Finì dunque per prevalere un senso di rassegnazione: “Fuggire? Per andare dove?”
Quando ormai le vicende della guerra stavano per precipitare, i tedeschi ricorsero a una mossa che in fondo ne rivelava la disperazione. Chiesero ai deportati, già stremati, di arruolarsi con loro in cambio di un sostanziale miglioramento delle loro condizioni di vita. I più lucidi compresero le insidie che si celavano dietro a quell’adescamento: essere usati come carne da macello al fronte.
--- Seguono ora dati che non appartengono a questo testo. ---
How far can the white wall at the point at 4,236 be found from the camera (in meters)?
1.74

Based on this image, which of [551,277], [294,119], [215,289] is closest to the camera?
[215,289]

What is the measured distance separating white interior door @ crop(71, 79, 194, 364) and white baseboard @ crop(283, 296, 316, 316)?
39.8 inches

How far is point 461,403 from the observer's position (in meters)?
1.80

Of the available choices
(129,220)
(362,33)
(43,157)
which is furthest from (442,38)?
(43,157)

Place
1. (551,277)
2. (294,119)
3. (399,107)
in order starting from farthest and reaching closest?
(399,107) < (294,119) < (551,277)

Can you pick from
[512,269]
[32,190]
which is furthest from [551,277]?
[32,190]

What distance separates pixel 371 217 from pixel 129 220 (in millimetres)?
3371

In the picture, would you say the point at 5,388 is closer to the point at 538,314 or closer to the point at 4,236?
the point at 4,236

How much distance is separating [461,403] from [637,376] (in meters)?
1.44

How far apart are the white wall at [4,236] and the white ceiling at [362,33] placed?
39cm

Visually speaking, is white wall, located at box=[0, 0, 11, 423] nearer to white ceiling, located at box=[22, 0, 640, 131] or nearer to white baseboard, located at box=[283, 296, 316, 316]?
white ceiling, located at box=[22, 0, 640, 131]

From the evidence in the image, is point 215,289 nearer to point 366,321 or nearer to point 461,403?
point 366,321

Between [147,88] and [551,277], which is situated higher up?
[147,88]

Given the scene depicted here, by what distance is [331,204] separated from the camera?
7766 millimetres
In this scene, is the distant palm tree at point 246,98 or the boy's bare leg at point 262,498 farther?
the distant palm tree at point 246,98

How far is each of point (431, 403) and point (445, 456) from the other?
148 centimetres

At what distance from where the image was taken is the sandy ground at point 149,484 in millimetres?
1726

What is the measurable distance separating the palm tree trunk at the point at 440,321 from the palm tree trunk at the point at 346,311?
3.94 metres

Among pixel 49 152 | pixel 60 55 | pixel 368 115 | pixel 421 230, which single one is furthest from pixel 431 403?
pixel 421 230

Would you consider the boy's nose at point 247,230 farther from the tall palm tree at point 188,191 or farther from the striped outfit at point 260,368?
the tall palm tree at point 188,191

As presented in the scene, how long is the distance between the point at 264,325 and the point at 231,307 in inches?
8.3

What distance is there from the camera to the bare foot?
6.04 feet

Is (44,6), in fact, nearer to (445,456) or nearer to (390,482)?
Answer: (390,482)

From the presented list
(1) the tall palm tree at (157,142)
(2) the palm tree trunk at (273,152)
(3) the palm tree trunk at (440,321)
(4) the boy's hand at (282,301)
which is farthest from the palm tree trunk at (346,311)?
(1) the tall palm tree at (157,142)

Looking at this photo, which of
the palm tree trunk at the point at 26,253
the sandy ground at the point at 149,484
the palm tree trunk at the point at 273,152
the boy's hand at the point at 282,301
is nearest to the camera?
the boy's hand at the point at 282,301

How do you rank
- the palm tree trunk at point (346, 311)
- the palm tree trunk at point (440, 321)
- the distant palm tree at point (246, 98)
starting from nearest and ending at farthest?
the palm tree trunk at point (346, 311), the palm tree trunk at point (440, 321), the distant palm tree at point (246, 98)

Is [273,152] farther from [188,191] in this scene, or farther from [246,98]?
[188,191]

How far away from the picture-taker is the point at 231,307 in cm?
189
Nel leggere i manifesti affissi nei lager, Bruno Consigli percepì la proposta come un ignobile ricatto e provò un moto di ribellione. Ebbe però parole di comprensione per i tifernati di un altro lager i quali – gli era stato riferito – erano andati con i tedeschi: “Poveri ragazzi, erano troppo giovani, non sapevano quello che stavano facendo, ma speriamo che Iddio li abbia aiutati”.
La testimonianza di Sergio Ragni rievoca una vicenda dalla tragica conclusione:
“Nel nostro lager alla fine accettarono in parecchi. Di noi di Umbertide solo Nello Rossini. Poveretto, bisogna capirlo: ridotti in quel modo non si ragionava più. Noi ci si raccomandò:
‘Non ci andare a combatte con loro, restiamo uniti, siamo arrivati alla fine, tra poco la guerra finisce’.
Ma lui: ‘Non ce la faccio più’.
I tedeschi trattarono bene per qualche giorno quelli che accettarono la loro proposta: li facevano mangiare abbondantemente vicino alla recinzione del nostro lager, per farci vedere come stavano bene e convincere altri di noi ad arruolarsi. Poi, però, un giorno sono venuti con dei camion, li hanno caricati urlando e li hanno portati via, forse al fronte. Di Nello non si è saputo più niente”.